The controller is now removed from the cluster. To reset k0s on the machine, run the following commands:
k0s stop
k0s reset
reboot
Declarative Etcd member management
Starting from version 1.30, k0s also supports a declarative way to remove an
etcd member. Since in k0s the etcd cluster is set up so that the etcd API is
NOT exposed outside the nodes, it makes it difficult for external automation
like Cluster API, Terraform, etc. to handle controller node replacements.

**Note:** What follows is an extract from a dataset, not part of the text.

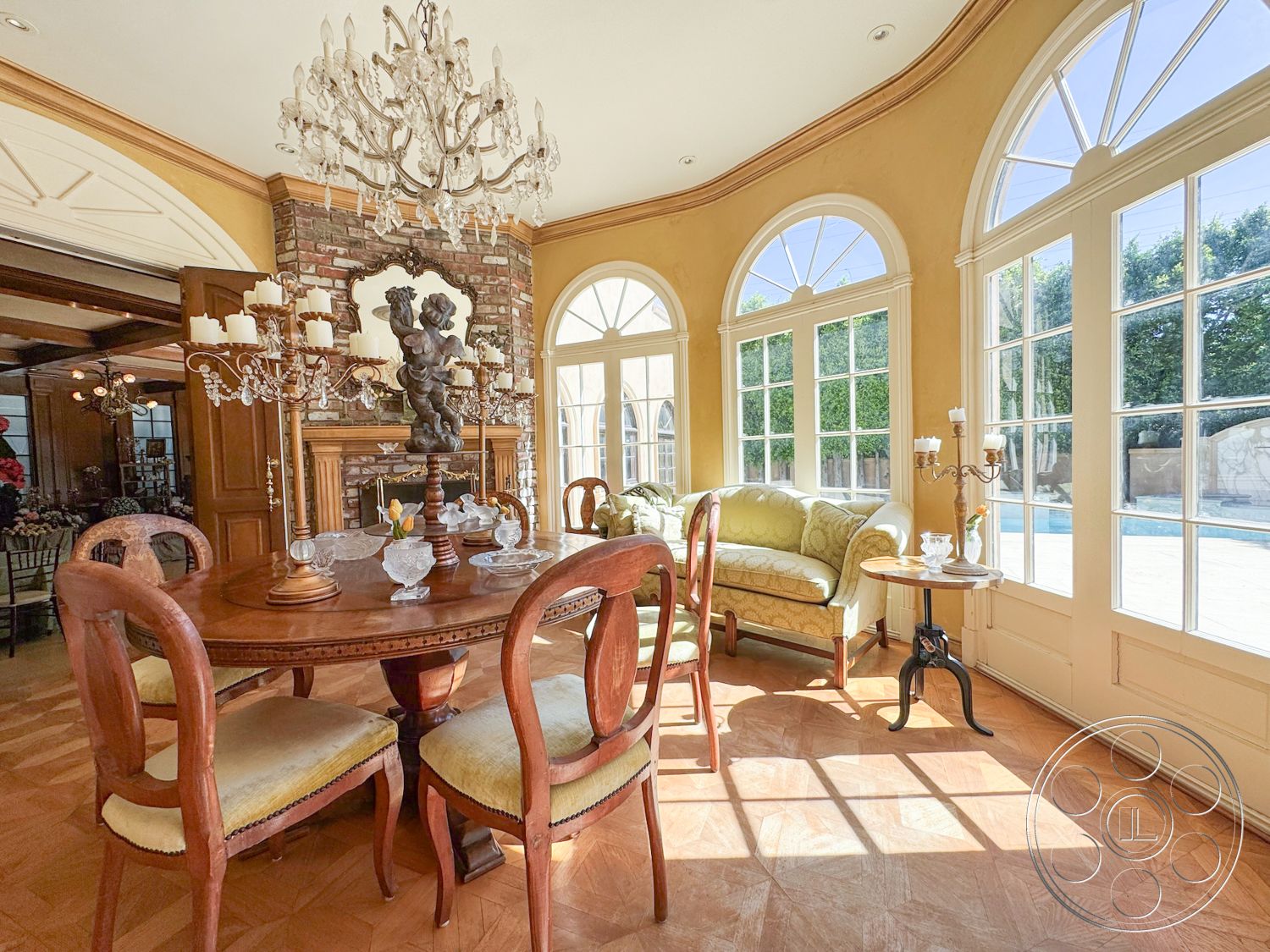 Mansion 146 - crystal chandelier, large arched windows, interior dining area, exposed brick fireplace surround, neutral painted walls, parquet hardwood flooring, cozy and inviting atmosphere, natural light flooding the room, wooden dining table with ornate detail, classic wooden chair with yellow upholstery, plush green upholstered sofa, decorative wooden moldings, traditional candelabra, antique glassware on table, intricate ceiling details, elegant dining setting, lush outdoor view through windows, formal dining room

Each controller manages their own EtcdMember
object.
k0s kubectl get etcdmember
NAME PEER ADDRESS MEMBER ID JOINED RECONCILE STATUS
controller0 172.17.0.2 b8e14bda2255bc24 True
controller1 172.17.0.3 cb242476916c8a58 True
controller2 172.17.0.4 9c90504b1bc867bb True
By marking an EtcdMember
object to leave the etcd cluster, k0s will handle the
interaction with etcd. For example, in a 3 controller HA setup, you can
remove a member by flagging it to leave:
$ kubectl patch etcdmember controller2 -p '{"spec":{"leave":true}}' --type merge
etcdmember.etcd.k0sproject.io/controller2 patched
The join/leave status is tracked in the object’s conditions. This allows you to
wait for the leave to actually happen:
$ kubectl wait etcdmember controller2 --for condition=Joined=False
etcdmember.etcd.k0sproject.io/controller2 condition met
You’ll see the node left etcd cluster:
$ k0s kc get etcdmember
NAME PEER ADDRESS MEMBER ID JOINED RECONCILE STATUS
controller0 172.17.0.2 b8e14bda2255bc24 True
controller1 172.17.0.3 cb242476916c8a58 True
controller2 172.17.0.4 9c90504b1bc867bb False Success
$ k0s etcd member-list
{"members":{"controller0":"https://172.17.0.2:2380","controller1":"https://172.17.0.3:2380"}}
The objects for members that have already left the etcd cluster are kept
available for tracking purposes. Once the member has left the cluster, the
object status will reflect that it is safe to remove it.
Note: If you re-join same node without removing the corresponding etcdmember
object the desired state will be updated back to spec.leave: false
automatically. This is since currently in k0s there’s no easy way to prevent a node joining etcd cluster.
Replace a controller
To replace a controller, you first remove the old controller (like described above) then follow the manual installation procedure to add the new one.